The 641 Project: Gingerbread

You can’t think of Christmas without thinking of cookies.  Brightly decorated cutouts; kinds with seasonal ingredients and flavorings; elaborate, fancy designs; the good ol’ classics…

photo by Stephen Hart

photo by Stephen Hart

And gingerbread.  People and houses are made from this sweet, spicy cookie, and decorated so lavishly that you’d dare not eat them!  Bakers don’t limit themselves to just gingerbread people shapes and houses, though, but use any cookie cutter at their disposal.  Ginger cookies can be are crisp as gingersnaps or moist and chewy.

Its name comes from the 13th century word “gingerbras” (Old French for “preserved ginger”) which became “gingerbread” during the 14th century.  Cooks discovered that ginger helped to preserve pastries and bread, which is probably how “bread” became part of the name.  Early gingerbread is nothing like the cookie or the moist cake that we know today.  Medieval gingerbread was a mixture of breadcrumbs, spices (ginger being one of them), and honey, pressed into molds or shaped by hand.  It was a popular treat at fairs throughout Europe, and served to celebrate special occasions and religious holidays.  It’s said that Queen Elizabeth I invented the idea of the gingerbread man:  She had likenesses of important court visitors baked up for gifts.  She was likely following the practice of other monarchs who, as early as the 15th century, had gingerbread molded into their own likeness for propaganda usage.

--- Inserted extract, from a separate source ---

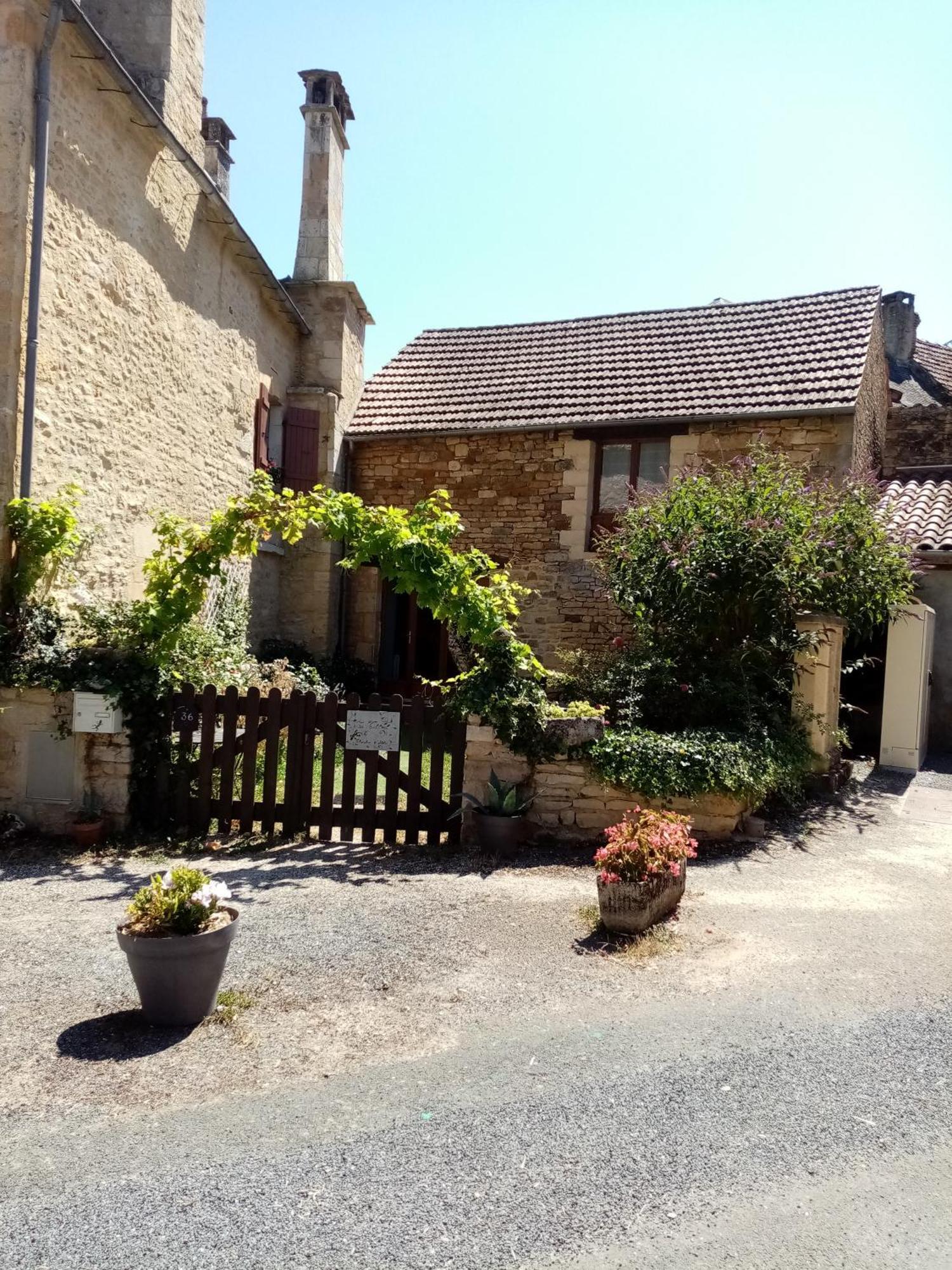 Au Tilleul Archignac エクステリア 写真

Gingerbread houses were being made in Germany around the early 1800s.  Historians can’t agree whether the Witch’s’ house in Hansel and Gretel was inspired by the craft of gingerbread house making or if the craft was inspired by the story, but the craft got a big boost from the Brothers Grimm tale.  German settlers took the tradition with them to the United States, especially in Pennsylvania.  By this time, gingerbread was made with flour, eggs, butter and other spices, using either honey or molasses.  The cookies were like shortbread, and the cake had developed.  Cookie cutters were probably used more than molds at that time.  Gingerbread men and animals were hung as ornaments on Christmas trees. The Pennsylvania Dutch baked and decorated very large gingerbread cookies around Christmastime to decorate the windows of their homes.

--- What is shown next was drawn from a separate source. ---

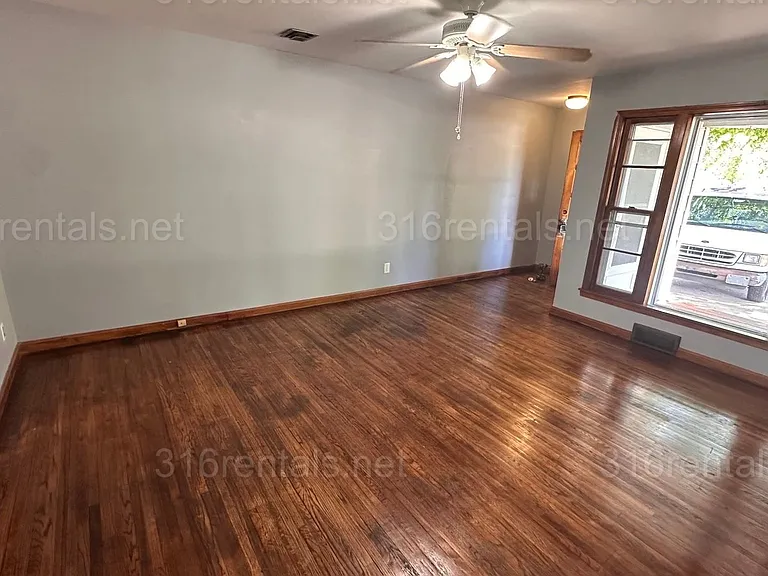1757 S Fern St — Photo 4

Gingerbread has a long (and yummy!) history.  It’s association with special occasions lead to its place in Christmas tradition.  (But you don’t have to wait ’til then to enjoy it!)

*****

This blog is in no way a complete history of the delicacy.  Check out these and other sources to get a better picture:

The Food Timeline – http://www.foodtimeline.org/christmasfood.html  Scroll down to the artlce on gingerbread.

An in depth essay by Dr. Alice Ross, along with some historic recipes – http://www.journalofantiques.com/hearthdec.htm

The article on gingerbread in Encyclopedia of Christmas, available at CCLS.

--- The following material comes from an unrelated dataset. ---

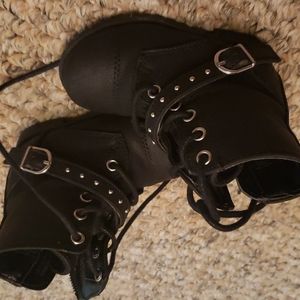 size 4 black boots zippers for easy on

Gingerbread cookie, men and house recipes can be found on the internet using your favorite search engine.  My favorite gingersnap recipe comes from a December 12, 2002 Atlanta Journal-Constitution article.  Access it using the Newsbank database available through CCLS (click here).

When baking, make sure your ginger and other spices are as fresh as possible (no more than a year old) for the best flavor.